Si nous ne relevions pas ce défi avec l'Allemagne, par la poursuite des méthodes de coopération intégrée, nous ferions apparaître au moins implicitement que les cinquante ans écoulés sont une parenthèse de notre histoire. Le refus du jeu des alliances et des équilibres, le choix de la «solidarité de fait» doivent être irréversibles. Face à la désintégration de la RDA, la France et la RFA ont maintenu le cap européen en lançant la monnaie unique. Face à l'unification de l'Europe, la France et l'Allemagne unies ne peuvent pas répondre séparément. Or le risque existe, faute de réforme de grande ampleur, que l'Union glisse vers un espace économique où les décisions politiques sont, au mieux, concertées. Français et Allemands ne doivent pas renier la sagesse qui a conduit à doter l'Union d'institutions supranationales grâce auxquelles le droit prévaut sur la force. Ils auraient tort, sous couvert de pragmatisme, de laisser le destin de l'Europe à la merci des affinités intergouvernementales que le temps fait et défait.

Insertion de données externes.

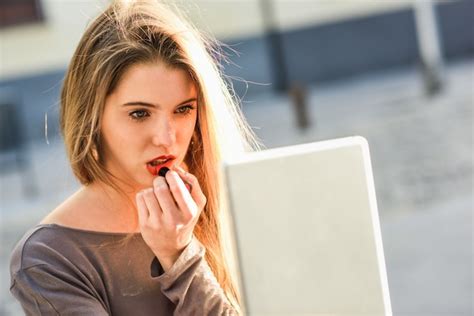 Free Photo Close Up Of Blonde Woman Painting Her Lips With A Lipstick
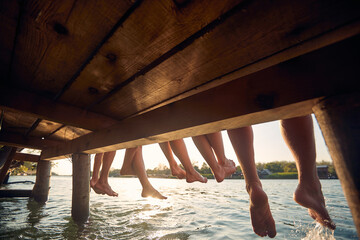 Group of friends enjoying the summer break on the river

La vertu du discours de M. Fischer par rapport à l'offre précédente cosignée par Wolfgang Schaüble et Karl Lamers de la CDU en 1994, offre à laquelle la France n'a pas vraiment répondu, est de n'exclure personne a priori. M. Fischer place ses partenaires européens devant un choix politique qui peut être difficile mais l'intégration politique ou ce qu'il appelle, «faute d'avoir trouvé un autre mot», « fédération » est peut-être le... pire système à l'exception de tous les autres. Dans le même esprit, l'adoption d'une Constitution permet de déterminer qui fait quoi. Si l'on accepte de raisonner sans tabou, n'est-ce pas en effet le meilleur moyen de garantir l'efficacité des institutions et de conférer à l'ensemble la légitimité démocratique à laquelle les citoyens européens aspirent ? Cette approche conduira peut-être certains Etats membres ou candidats à rester en marge de l'avant-garde. En revanche, M. Fischer a raison de rappeler que ceux qui refusent d'aller de l'avant ne doivent plus avoir la possibilité de bloquer les autres.

A la France de montrer qu'en matière européenne, elle n'est pas devenue à force de prôner le réalisme, une «pratiquante non croyante».